不安のどーもキューブのレビュー・感想・評価

不安(1954年製作の映画)
3.7
バーグマンの不安なラブ


 2010年7月9日 18時24分

 

1954年作品、監督ロベルトロッセリーニ。

妻であったイングリットバーグマンを主演に迎えたロッセリーニの「愛の三部作」。 

その第三弾になります。「ストロンボリ」(未見)。

「イタリア旅行」では、夫婦の気持ちの揺らぎを表現しています。嫌いを抱えた男女関係。旅行を通じて不仲を引っ張る、マイナスなラブ模様を描いています。

ヌーヴェルヴァーグ最大のボス、今年新作も発表したジャンリュックゴダールの革新作、「勝手にしやがれ」、ゴダールは、「イタリア旅行」をかなり意識したそうです。

確かに男女の旅行という点では、似ています。

そんな第三弾が「不安」です。IVCさんのビデオ鑑賞でした。



なかなかの作品でした。

ロッセリーニの「ラブ」は、なぜにこんなに
「不穏で」
「こそこそ」していて、
もどかしい男女関係ばかりみせるのでしょうか?

撮影当時の夫婦関係って大丈夫だったんだろうか?
とこちらが心配しちゃいます。


ただ言える事は、

普通の「ラブストーリー」ではないっ

ていうことです。

物語は、不倫中のイングリットバーグマン。夫は硬そうな年上、大学の研究者。ある日、不倫中の彼氏の元彼女が、バーグマンに出会います。そこでたかり(金銭要求)がおきてしまいます。旦那には、不倫がばれまいとつくろう。図に乗る女、、。

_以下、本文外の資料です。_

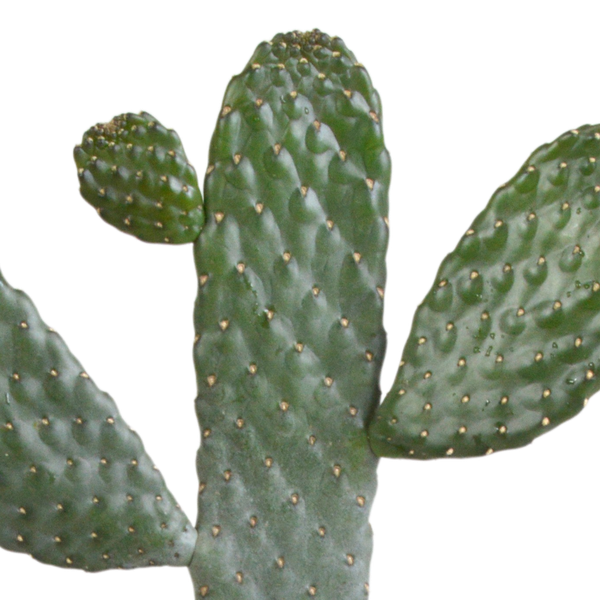 Opuntia consulae - Micky Mouse Kaktus - 17cm - ohne Topf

ですが、それにはある秘密がありました。

さて、結末は?

淡々とした夫婦の不和をつづるロッセリーニ。

イングリットバーグマンのたえず、
不安げな表情、
浮かない顔、
うそをついた時の切ないこころの表情が、

バーグマンを通じて見えてきます。

我々は、バーグマンの悩む姿、
嘘の不安を抱えながら、物語をさまよい、うつらうつらドラマは進んできます。

夫の勘ぐり、言動は、我々観客に対して疑いを向けているようです。

浸透した不安なもどかしいイングリットバーグマンへの同情をまるで、問いただしているかのようです。

そしてラスト付近の種あかし、唐突な幕切れ、、。

ロッセリーニの「イタリア旅行」もそうでしたが、幕切れは突然にやってきます。

それは、我々観客が抱いていたバーグマンへの「不安」を断ち切るかのようです。

そして、ますます、気持ちは澱んでいきます。

ラブラブな描写を封印し、夫婦の不和、不仲の中に人間性の「マイナス」なドラマを魅せるロッセリーニ。

わざわざ求愛してやってきたイングリットバーグマンに酷い仕打ちをしているようです。

ハードなハードルを与えてやらせているかのような印象にも見えます。

ロッセリーニ組の時は、一切他の映画の仕事をバーグマンに断らせていたそうです。

そんな愛の三部作最終章、「不安」が横行する、夫婦のマイナスな擦り付け合い。
 
見えない「嫌い」のやり取り。不安の行方は、どこにいく。

バーグマンの不安なラブの結末とは?

ぜひご覧ください。

追伸「ストロンボリ」も近日レビューいたします。ロッセリーニは、やはりすごい作家です、間違いありません。